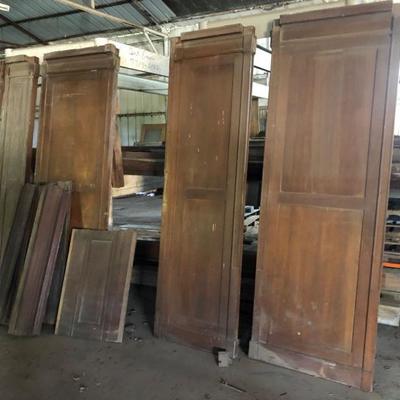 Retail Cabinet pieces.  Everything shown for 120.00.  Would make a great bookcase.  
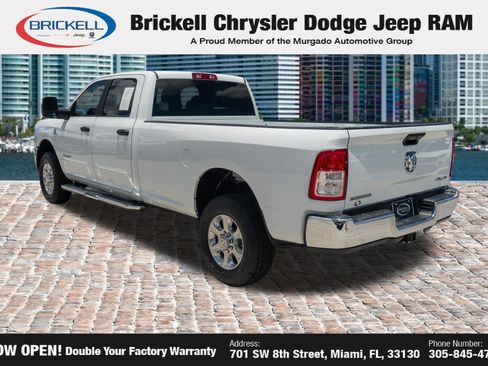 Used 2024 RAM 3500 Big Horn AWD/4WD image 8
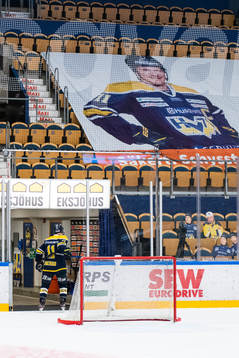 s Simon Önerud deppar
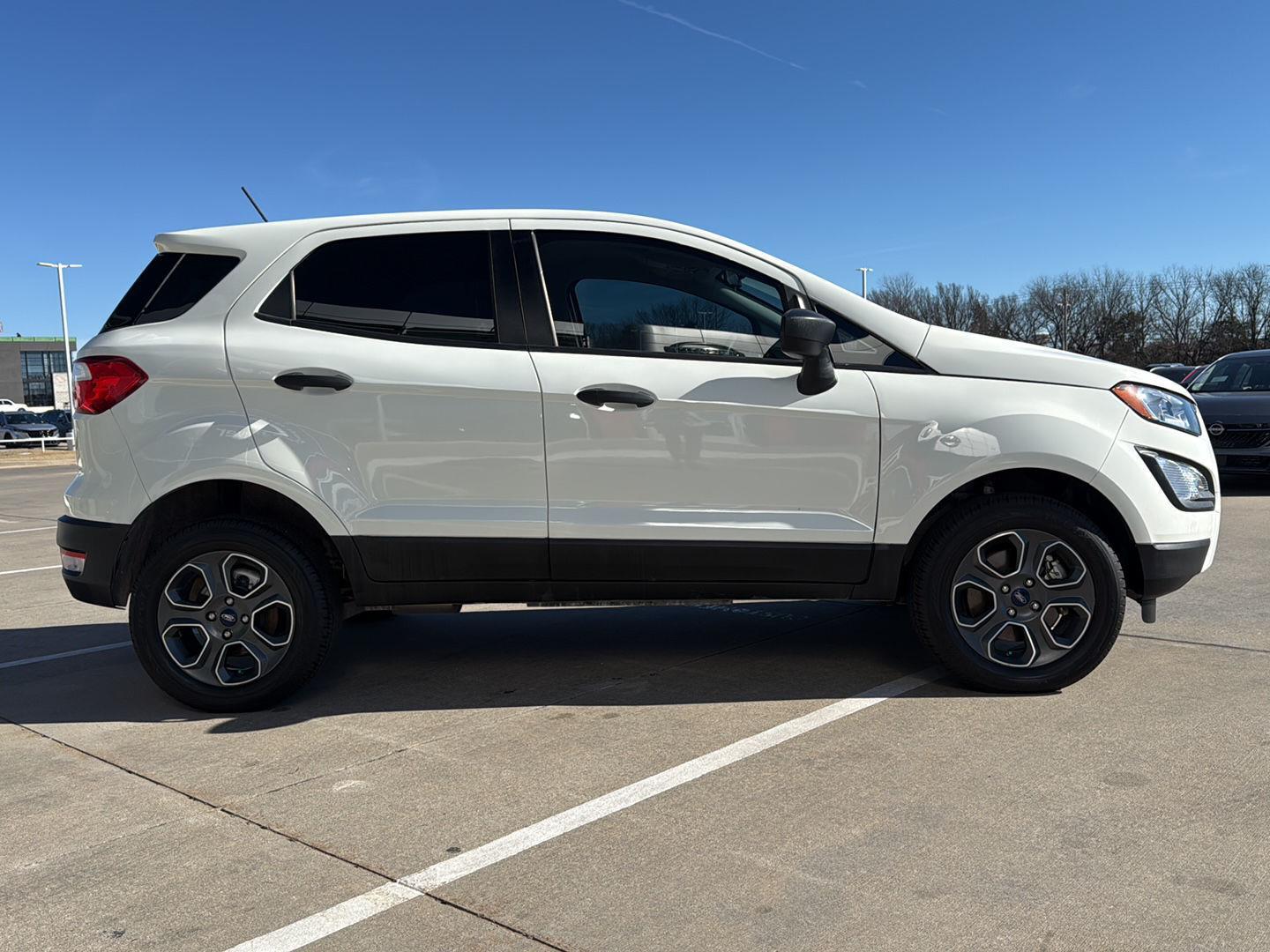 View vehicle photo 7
...
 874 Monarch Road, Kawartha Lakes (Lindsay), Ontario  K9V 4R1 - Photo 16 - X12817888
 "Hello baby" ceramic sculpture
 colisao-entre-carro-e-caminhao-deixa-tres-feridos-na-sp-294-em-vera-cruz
--
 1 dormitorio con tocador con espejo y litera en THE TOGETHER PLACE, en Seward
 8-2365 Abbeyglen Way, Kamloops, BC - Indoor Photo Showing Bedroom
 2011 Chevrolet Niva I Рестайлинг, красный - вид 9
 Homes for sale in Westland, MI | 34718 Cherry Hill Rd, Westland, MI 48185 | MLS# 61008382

▸ ACTIVITY: Give again the stretch of the entries above that begins at the line with "Retail Cabinet pieces." and ends at the line with "View vehicle photo 7", word for word, with no pictures.

▸ RESPONSE:
 Retail Cabinet pieces.  Everything shown for 120.00.  Would make a great bookcase.  
 Used 2024 RAM 3500 Big Horn AWD/4WD image 8
 s Simon Önerud deppar
 View vehicle photo 7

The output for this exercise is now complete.